We set one up here at the shop with a Bafang BBSHD and it runs great, carrying passengers like a taxi bike. It is recommended to run a gear sensor on one of the cables when trying to shift under load. Also, you can run full length housing as there’s no indexing. This makes it a truly maintenance free solution as the cables are well protected. In addition we have a large stock of spare parts, special oil and shifters should you need any servicing later on.
Technical manual is posted here: https://endless-sphere.
Tips for setting up the shifter:
1. When operating the hub with electric assist, put a gear sensor in line with the shift cables so the motor stops powering when attempting to operate the shifter. The N171 does not shift under load.
2. Run full housing. It protects the cables and there’s no advantage to not having full coverage.
3. For easier installation, install an extra cable housing adjuster barrel in one of the cables. It allows for less precision when establishing cable length on the initial setup.
Known issues that can develop over the years:
1. Heat. In hot climates and under hard use, some hubs will leak oil. It appears to be caused by the large hub shell expanding slightly and allowing the black threaded plate to lose it’s seal. We’ve opened them up and wrapped the threads with teflon tape. Warming up the hub shell (expanding it) before closing it back up again will further help seal it. Note that it’s difficult to break the seal on a new hub if you have the thought to do this job preemptively. It’s recommended to not try this as most hubs don’t leak.
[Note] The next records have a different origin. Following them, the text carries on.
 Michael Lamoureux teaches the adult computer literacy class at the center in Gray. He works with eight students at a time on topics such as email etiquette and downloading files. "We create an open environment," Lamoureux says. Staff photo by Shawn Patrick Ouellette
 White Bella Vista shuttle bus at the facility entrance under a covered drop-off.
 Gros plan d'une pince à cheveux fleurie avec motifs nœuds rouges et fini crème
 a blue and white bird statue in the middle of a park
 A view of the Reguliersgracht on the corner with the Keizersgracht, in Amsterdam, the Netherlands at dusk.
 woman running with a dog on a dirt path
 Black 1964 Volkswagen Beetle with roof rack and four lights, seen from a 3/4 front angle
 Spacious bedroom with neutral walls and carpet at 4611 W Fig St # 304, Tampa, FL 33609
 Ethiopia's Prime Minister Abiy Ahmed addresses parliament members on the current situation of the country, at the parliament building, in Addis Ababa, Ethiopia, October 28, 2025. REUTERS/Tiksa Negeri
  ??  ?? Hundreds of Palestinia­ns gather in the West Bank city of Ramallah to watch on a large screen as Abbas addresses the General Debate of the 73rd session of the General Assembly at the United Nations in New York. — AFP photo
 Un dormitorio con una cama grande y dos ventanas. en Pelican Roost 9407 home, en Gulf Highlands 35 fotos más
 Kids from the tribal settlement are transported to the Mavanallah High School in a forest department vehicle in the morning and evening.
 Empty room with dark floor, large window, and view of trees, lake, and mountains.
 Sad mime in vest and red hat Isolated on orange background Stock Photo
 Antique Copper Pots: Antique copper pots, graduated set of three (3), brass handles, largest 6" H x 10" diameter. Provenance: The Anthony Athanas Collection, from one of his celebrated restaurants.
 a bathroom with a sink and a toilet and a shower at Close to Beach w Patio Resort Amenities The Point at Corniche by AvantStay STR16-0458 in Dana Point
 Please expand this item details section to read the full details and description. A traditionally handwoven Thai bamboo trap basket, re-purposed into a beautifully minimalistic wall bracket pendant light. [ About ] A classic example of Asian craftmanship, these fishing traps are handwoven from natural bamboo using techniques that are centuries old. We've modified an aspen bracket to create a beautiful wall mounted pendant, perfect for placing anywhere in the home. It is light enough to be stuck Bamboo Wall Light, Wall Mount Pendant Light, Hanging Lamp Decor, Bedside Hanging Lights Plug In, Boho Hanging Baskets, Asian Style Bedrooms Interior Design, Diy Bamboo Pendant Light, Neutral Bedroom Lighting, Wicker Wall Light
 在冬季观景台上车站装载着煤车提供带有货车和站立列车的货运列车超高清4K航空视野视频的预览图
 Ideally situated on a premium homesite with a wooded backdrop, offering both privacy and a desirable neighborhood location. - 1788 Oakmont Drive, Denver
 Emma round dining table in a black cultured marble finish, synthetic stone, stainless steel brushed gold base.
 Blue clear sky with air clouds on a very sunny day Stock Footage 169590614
2. Hub mounted brakes. Powerful hub mounted brakes can slowly work the black threaded plate loose. If the three locking teeth come loose at all, the seal can be broken. Excessive braking under heavy load can also heat the hub up (see #1 above). The three locking teeth are held on with three button head cap screws. It is recommended to replace those screws with a torx head screw. These should be reinstalled with permanent thread locking compound (red LocTite) and checked periodically.
3. Shifter wear: The handlebar mounted shifter mechanism can wear out. It’s difficult to fix. Often just the cable is damaged and continued use with a damaged cable will hasten the demise of the shifter. Best to replace the shifter.
4. Shift box vulnerability. The shift box hangs off the end of the hub and can get damaged. If a guard can be made to protect the shift box, it will last a lot longer. The shift rod that inserts into the hub can also get bent but they can be bent back straight with some effort.
5. Freewheel removal. The NuVinci N171 is threaded for a freewheel but the system already is able to run backwards, like a freewheel but with some resistance. And most mid drive electric assist units (like the Bafang HD series) have freewheeling in the crankset. So we usually just install a track cog on the threaded portion and it’s more easily removed. Fallbrook sold a removal tool but they are no longer available. With the track cog, you just remove a snap ring and the freewheel body can come off, allowing access to the back side for fixing with various methods (including using a tool we have available) as you then use a chain whip to unscrew the track cog. If there’s a regular freewheel on it, you have to pry it off, overpowering the snap ring. This is surprisingly easy to do with a big screwdriver but you run the risk of damaging the snap ring. Then use our tool to hold it in a vise and then use the chain whip to remove the freewheel. We have spare snap rings but they are expensive because we harvest them from other hubs, along with fluid and other parts.